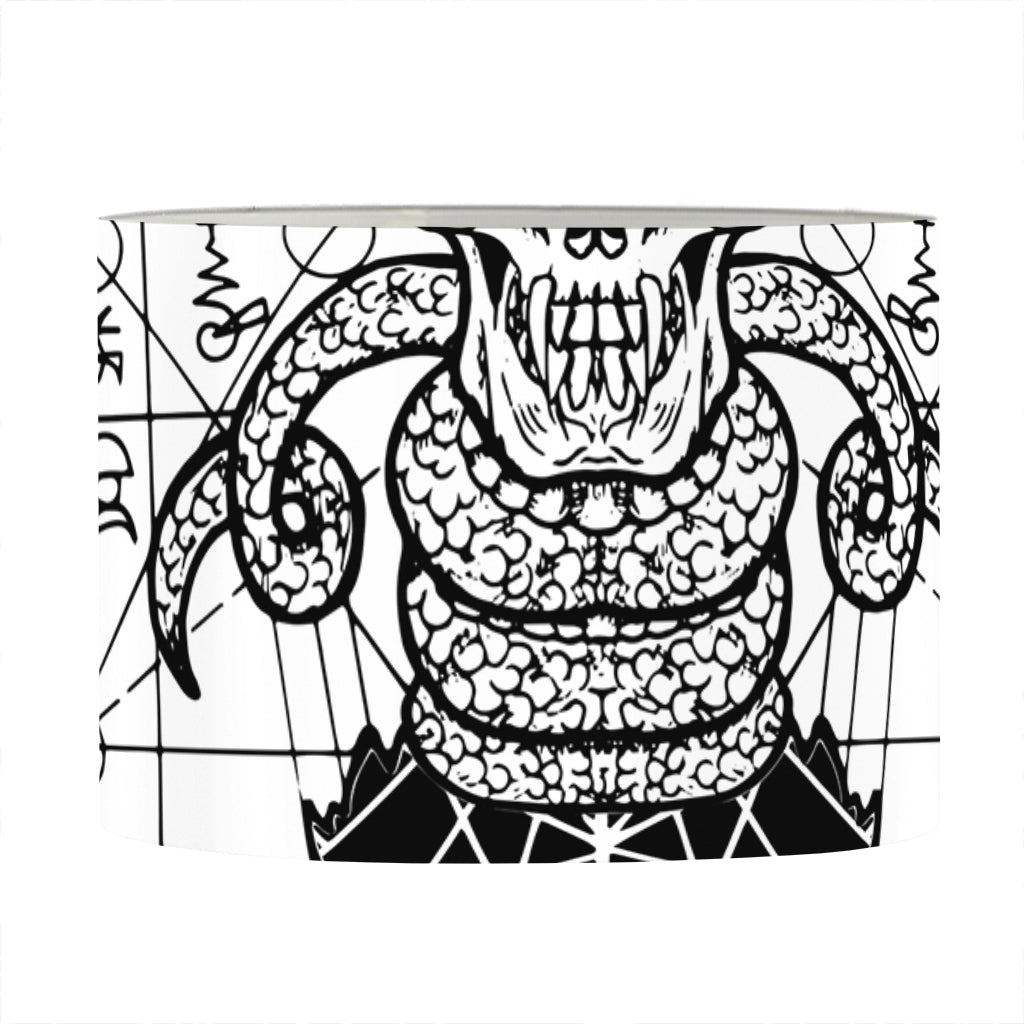 Black And White Demon Wicca Print Drum Lamp Shade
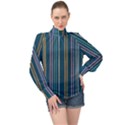 Multicolored Stripes On Blue High Neck Long Sleeve Chiffon Top View1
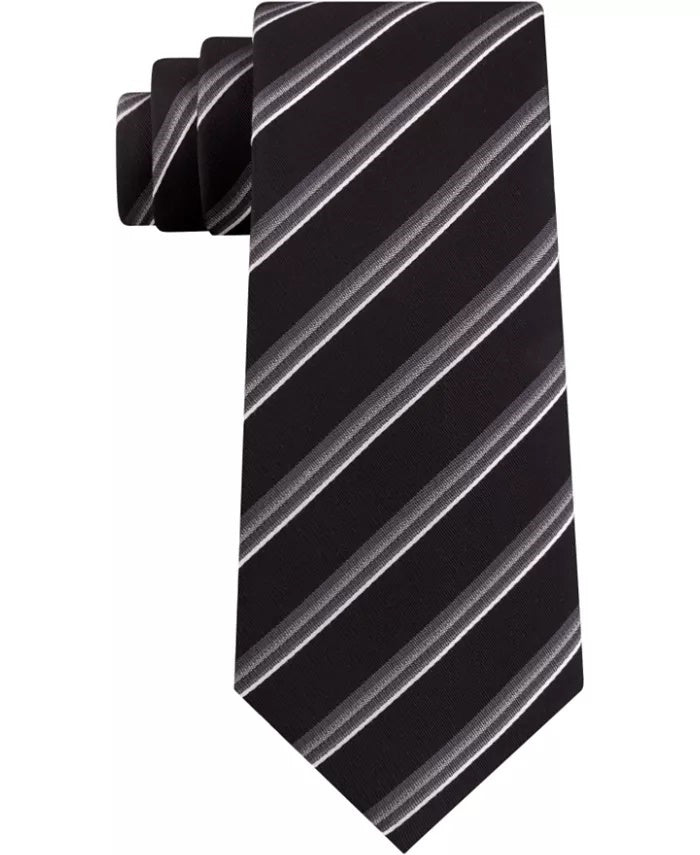 Kenneth Cole Reaction Men's Veloutine Stripe Tie Navy Size Regular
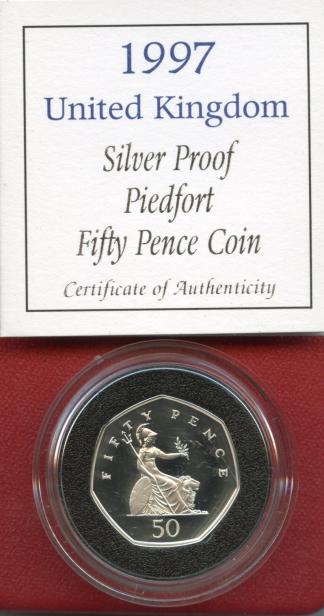 UK 1997 Royal Mint Silver Proof Piedfort 50p Coin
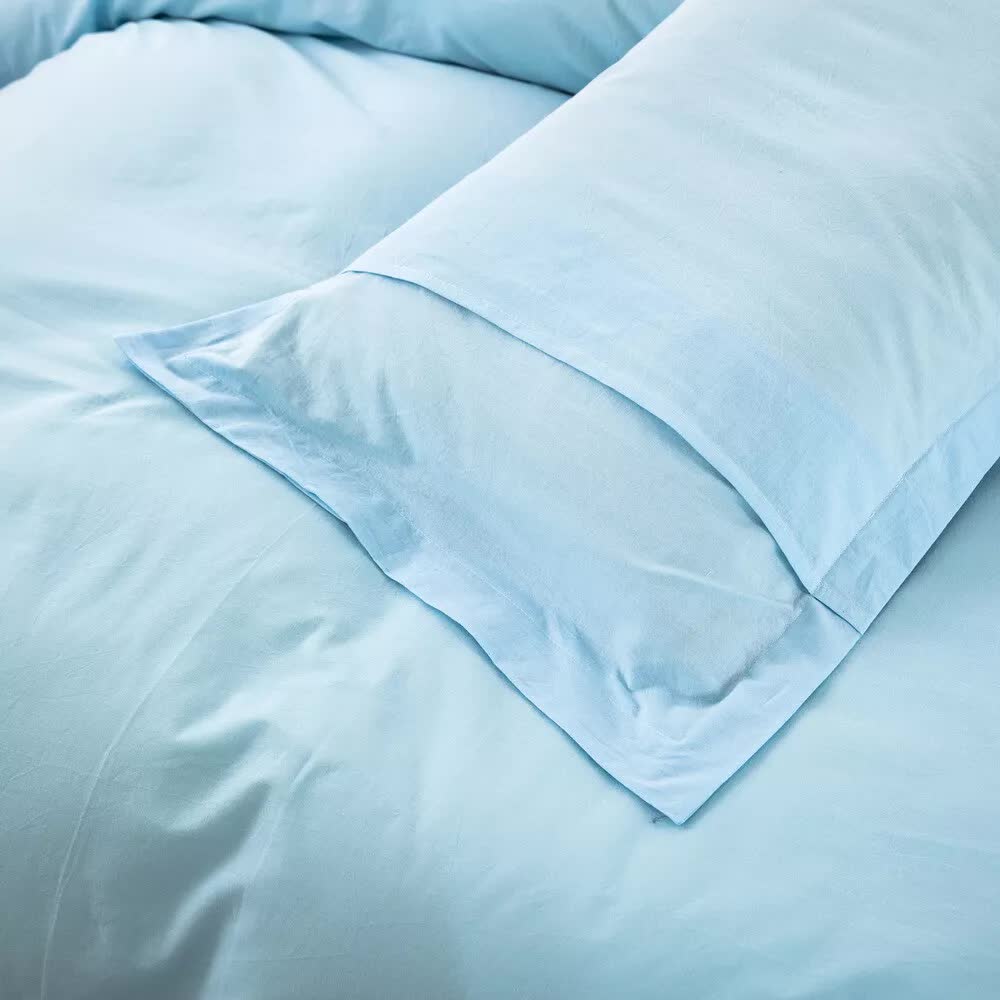 100% cotton Premium Doona Duvet Quilt Cover Set with Soft Pillowcases - Aqua-Double 6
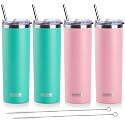 koodee 20 oz Stainless Steel Skinny Tumbler(4 Pack) Double Wall Insulated Water Tumbler Cup with Lids, Straws and Straw Brushe（Teal/2 Pack, Pink/2 Pack）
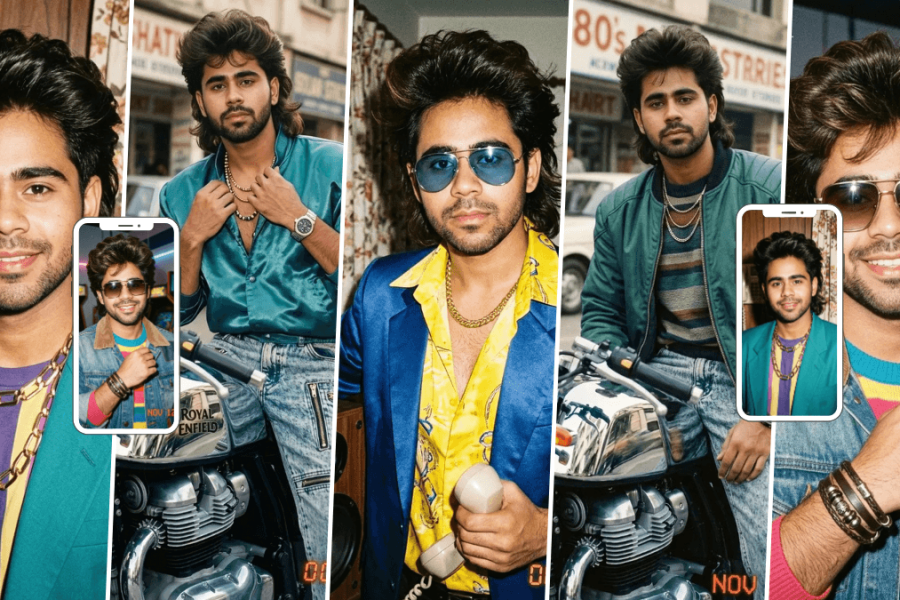 Stylish young man in colorful retro 80s fashion posing beside a classic motorcycle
----------
▶ [GOAL OF THE EXERCISE] Return exactly the lines that begin with the one containing "UK 1997 Royal" and end with the final line of the data above; include no pictures.

▶ [RESPONSE TO THIS EXERCISE]
 UK 1997 Royal Mint Silver Proof Piedfort 50p Coin
 100% cotton Premium Doona Duvet Quilt Cover Set with Soft Pillowcases - Aqua-Double 6
 koodee 20 oz Stainless Steel Skinny Tumbler(4 Pack) Double Wall Insulated Water Tumbler Cup with Lids, Straws and Straw Brushe（Teal/2 Pack, Pink/2 Pack）
 Stylish young man in colorful retro 80s fashion posing beside a classic motorcycle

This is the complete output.